Wednesday, May 26, 2010

Seattle Asian Art Museum: Fleeting Beauty Persists

Don’t you agree that a life full of contrasts is ultimately most satisfying?

In this spirit, I follow my swinging pendulum of interests, which today points to the visual arts instead of my more usual outdoorsy bent. (Occasionally even I forget that I have an art history degree.)

My destination is the Fleeting Beauty: Japanese Woodblock Prints exhibit at the Seattle Asian Art Museum. This show features exquisite examples of prints from the eighteenth and nineteenth centuries, before the influence of western culture seeped into everyday Japanese life.

Tucked up in historic Volunteer Park on north Capitol Hill, the SAAM (as opposed to SAM on First Avenue in downtown Seattle) is one of Seattle’s architectural and artistic treasures. The clean lines of the original Seattle Art Museum’s Art Deco façade contrast sharply with the voluptuous mature horse chestnut trees and rhododendrons in the park. The overall effect reminds me of an eccentric English countryside manor set in rambling grounds, complete with a glass conservatory full of exotic plants.

And of course there’s that great view as you stand at the museum entrance looking west. The Olympic Mountains loom like an upended serrated knife on the western horizon beyond Puget Sound, the Space Needle, an old reservoir in the park, and the famous Isamu Noguchi Black Sun sculpture (commonly called the black donut).

I pass through the lovely wrought-iron entry doors and pay what I think is a bargain ($7) donation fee compared to many metropolitan museums. Although most of the galleries are small compared to bigger, high-ceiling museums, the scale is intimate and inviting.

Fleeting Beauty encompasses several galleries in the interior of the museum, with rich goldenrod-colored walls setting off the many fine woodblock prints. The exhibit theme is ukiyo-e, which translates to “floating world,” and thus captures images of fleeting beauty such as seasonal landscapes, kabuki theater actors, and famous geishas— things apart from mundane and everyday life.

Among the prints on display are several well-known images of Mount Fuji by master print artist Katsushika Hokusai from his series Thirty-Six Views of Mount Fuji (except this series contains over 46 views of the iconic mountain). Two of Hokusai’s “greatest hits”—The Wall of the Wave off Kanagawa and Red Fuji are here in fine form. SAAM is fortunate to have these as part of their permanent collection. (Taking photos are not allowed in the exhibit, so I snapped a reproduction in the art education exhibit.)

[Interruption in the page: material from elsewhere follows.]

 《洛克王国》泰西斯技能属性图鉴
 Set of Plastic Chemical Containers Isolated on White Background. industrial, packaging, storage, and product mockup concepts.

As I study the carefully, beautifully rendered prints of times, people, and places long past, I remember a term from the Japanese Art History course I took in college that perfectly captures what I’m feeling: mono no aware. I experience this beauty with an awareness of the transience of all things, and hint of pathos at their passing.

Ultimately mono no aware, and the art and culture of Japan, is rooted in Zen Buddhism and refers to the fleeting nature of beauty, which is all the more sharply sweet because of its impermanence.

Fortunately for us, the beauty of this art is still available and in good care at SAAM.

When You Go
Here is a map of where the SAAM is located. The museum is closed on Mondays and Tuesdays, but is open until 9 pm on Thursdays. Normal hours are 10 a.m. until 5 p.m. Parking is free! But then, so is bicycling. The Fleeting Beauty show runs until July 4, 2010.


Don said...

Nice little blog on the Asian Art Museum. Written by a true Zen Goddess.

I used to like to visit the place when the Art Museum was there because, even though it was cramped, it felt like an Art Museum. Not sure I have the same feelings about the newly remodeled SAM, even though there is more room and the collections and exhibitions showing are more diversified.

ML said...

Because I am a Seattle native, this is "the art museum." The other guy seems to be living in a different city. Still annoyed (but I do understand) when I first visited the new guy I was reprimanded for reaching out to touch one of the camels by a young, very officious attendant. I mean how many of us have a picture sitting on the camel's back; jeez guys, humor please!